SAE-Specific Parameters
from lm_saes import SAEConfig
import torch
sae_config = SAEConfig(
# SAE-specific parameters
hook_point_in="blocks.6.hook_resid_post",
hook_point_out="blocks.6.hook_resid_post", # Same as hook_point_in for SAE
use_glu_encoder=False,
# Common parameters (documented in Sparse Dictionaries overview)
d_model=768,
expansion_factor=8,
act_fn="topk",
top_k=64,
dtype=torch.float32,
device="cuda",
)
| Parameter | Type | Description | Default |
|---|---|---|---|
hook_point_in |
str |
Hook point to read activations from. For SAE, this is typically the same as hook_point_out |
Required |
hook_point_out |
str |
Hook point to write reconstructions to. For SAE, this is typically the same as hook_point_in |
Required |
use_glu_encoder |
bool |
Whether to use a Gated Linear Unit (GLU) in the encoder. GLU can improve expressiveness but increases parameter count | False |
SAE vs Transcoder
For standard SAEs, hook_point_in and hook_point_out are identical, meaning the SAE reads from and reconstructs to the same point in the model. When these two hook points differ, the configuration defines a Transcoder instead.
Initialization Strategy
Proper initialization is crucial for training high-quality SAEs. We recommend the following configuration:
from lm_saes import InitializerConfig
initializer = InitializerConfig(
bias_init_method="geometric_median",
grid_search_init_norm=True,
init_encoder_bias_with_mean_hidden_pre=True,
# ... (e.g. init_log_jumprelu_threshold_value if use)
)
| Parameter | Recommended Value | Description |
|---|---|---|
bias_init_method |
"geometric_median" |
Initializes the decoder bias using the geometric median of the activation distribution, which is more robust to skewed/biased activations than "all_zero" |
grid_search_init_norm |
True |
Performs a grid search to find the optimal encoder/decoder weight scale that minimizes initial MSE loss |
init_encoder_bias_with_mean_hidden_pre |
True |
Initializes the encoder bias with the mean of the pre-activation distribution, which is more robust to skewed/biased activations and stabilizes early training |
Initialization for Low-Rank Activations
When training SAEs on low-rank activations (such as attention outputs), dead features become a prevalent problem due to the dimensional collapse in the activation space. As shown in Dimensional Collapse in Transformer Attention Outputs: A Challenge for Sparse Dictionary Learning, attention outputs are confined to a surprisingly low-dimensional subspace (only ~60% of the full space), creating a mismatch between randomly initialized features and the intrinsic geometry of the activation space.
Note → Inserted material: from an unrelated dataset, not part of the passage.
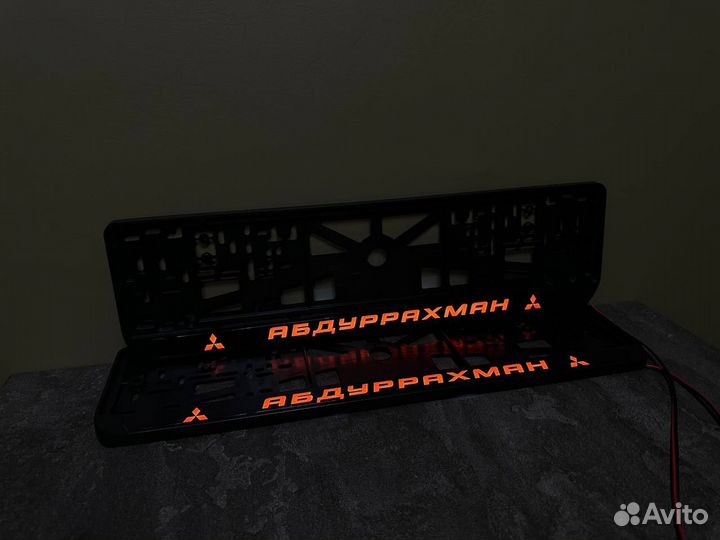 Номерная рамка c вашим логотипом и дизайном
To address this issue, we recommend the following additional configuration:
initializer = InitializerConfig(
bias_init_method="geometric_median",
grid_search_init_norm=True,
init_encoder_bias_with_mean_hidden_pre=True,
initialize_W_D_with_active_subspace=True,
d_active_subspace=384, # Adjust based on effective rank (e.g., 0.5 * d_model)
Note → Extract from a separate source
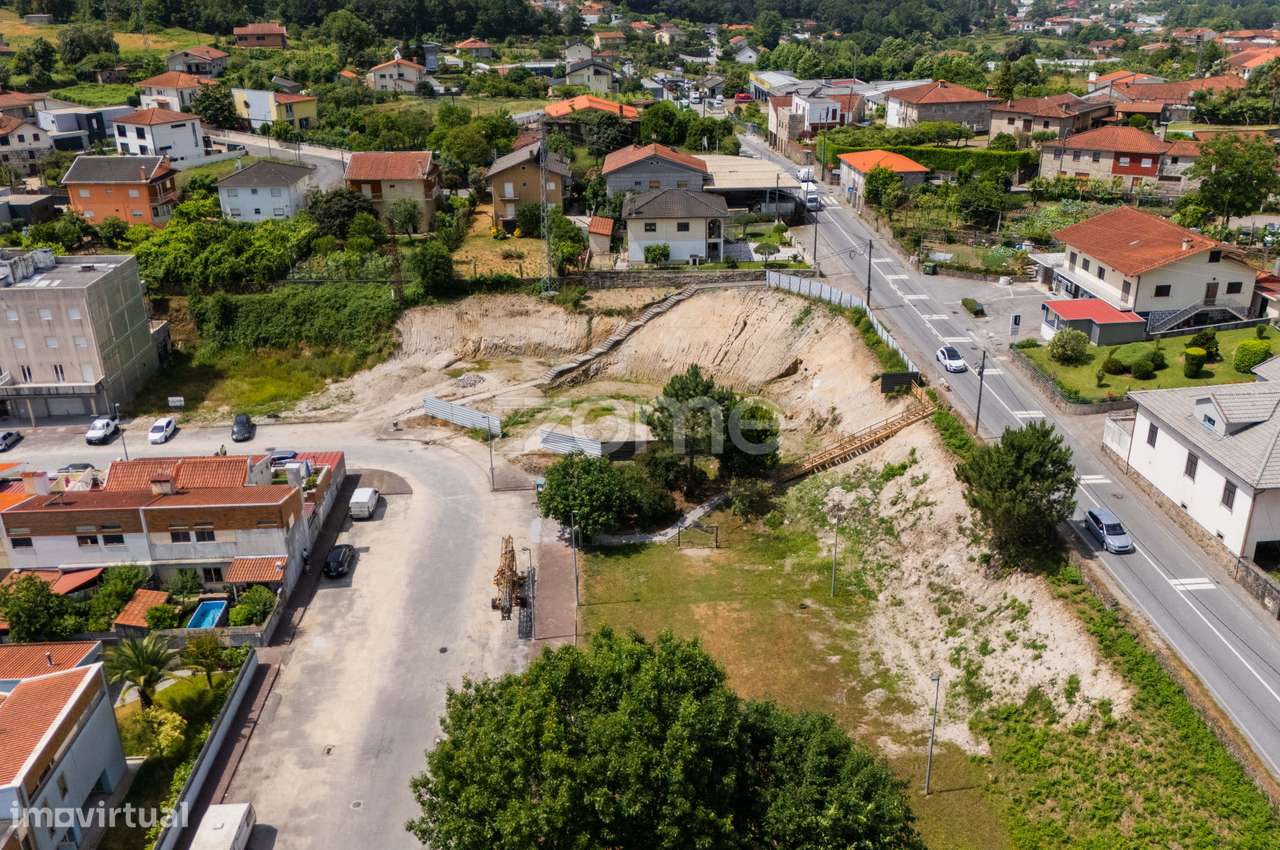 Apartamento T3-2ºFRT ESQ-A em Fonte Arcada, Póvoa de Lanhoso - Grande imagem: 5/29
# ... (e.g. init_log_jumprelu_threshold_value if use)
)
| Parameter | Recommended Value | Description |
|---|---|---|
initialize_W_D_with_active_subspace |
True |
Constrains decoder features to the active subspace of the activations using PCA or SVD, ensuring features align with the intrinsic geometry |
d_active_subspace |
~0.5 * d_model |
Dimension of the active subspace. Should be adjusted based on the effective rank of your activations. For a model with d_model=768, starting with 384 is a good baseline |
This subspace-constrained initialization dramatically reduces dead features in attention output SAEs. The appropriate value for d_active_subspace depends on the effective rank of your specific activations and may require some tuning.
Training
Training an SAE follows the same workflow as described in the Train SAEs guide.